As a classroom teacher for over ten years, issues with sharing come up often with over 20 children in one room and a limited amount of supplies. Sharing is certainly a useful skill that helps us co-exist peacefully. Parents often ask me strategies for sharing because they are exhausted from repeating, “SHARE!” as their children argue over toys, crayons, clothes, etc. They are often surprised when I tell them, “Your child doesn’t always have to share.” This is where the distinction between portioning and taking turns comes in handy.

What’s the difference?

Portioning, for this purpose, means dividing a material or using it simultaneously. Taking turns means just that, the material (usually limited) gets passed along from one user to another. Of course, there are exceptions, but these guidelines mostly apply.

What can kids portion?

Materials with multiple pieces could be shared. Examples of this include building blocks or markers. These materials are generally put in the center of play or activities, and children use as needed. The material can be placed back for use by the group when not used. There is no need to count things out or establish precisely how many pieces each person should get. However, discuss with your children BEFORE playing what they think a reasonable amount per person would look like.

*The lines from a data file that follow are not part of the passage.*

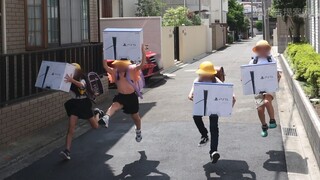 PS5 dùng Google Street View quay một quảng cáo hài hước cực kỳ, ha ha ha ha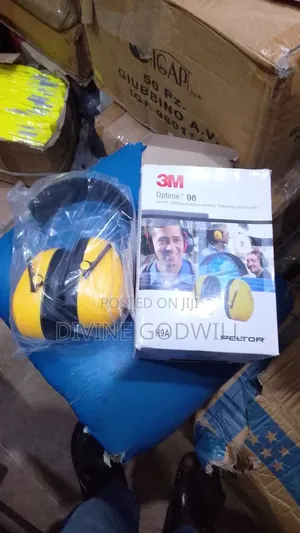 3m Ear Muffs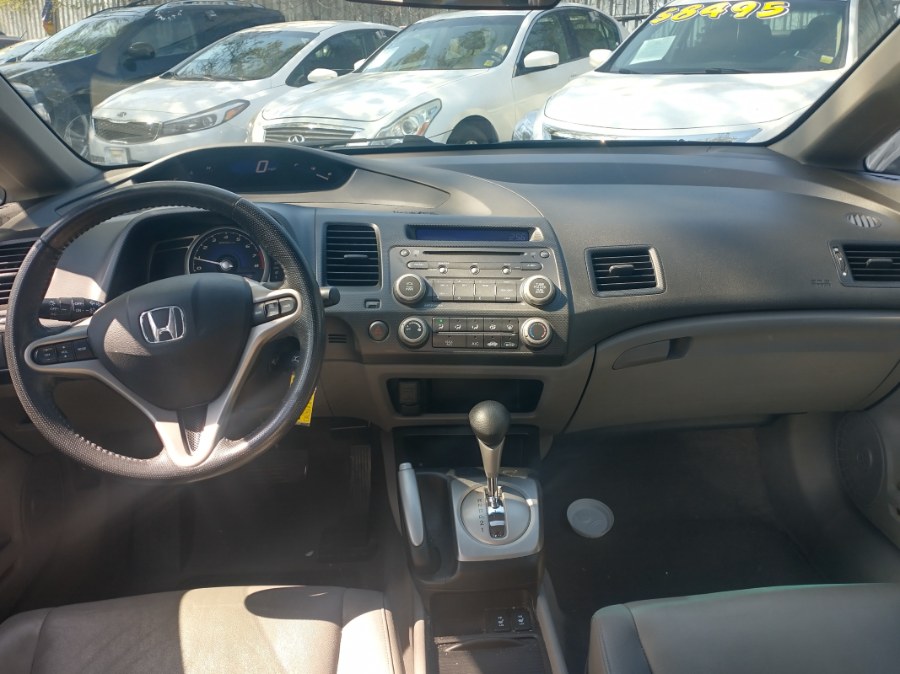2010 Honda Civic 4dr Auto EX-L w/Navi, available for sale in Elmont, New York | Sunrise of Elmont. Elmont, New York 2010 Honda Civic 4dr Auto EX-L w/Navi, available for sale in Elmont, New York | Sunrise of Elmont. Elmont, New York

Unfortunately, it’s not for everyone:

Imagine you went to work, and your supervisor asked you to share your wedding ring. It is sentimental to you, and you would prefer to keep it to yourself. Your child, also a person with feelings, has personal sentimental objects. I once witnessed a parent forcing their child to share their stuffed animal with an unknown child at the playground. It is simply not fair or respectful of the child. Some things are not meant to be shared. Talk with your child to identify which objects are personal to them and help them make the distinction. Not sharing all things can help when it comes to sharing. It also sends the child a message that you respect them and that sharing is a choice. Studies show that children who feel like they are not being forced to share are more likely to do so by choice.

Taking Turns Strategies:

Taking turns is a skill that can be taught. This includes teaching your child to say things like:

  • Can I use that when you are done with it?
  • Can I have that in X minutes? (Children can agree on a time and set a timer)
  • I am using that now, but you can have it when I am done with it.
  • Can I have a turn with that?
  • Can I use that and give it back?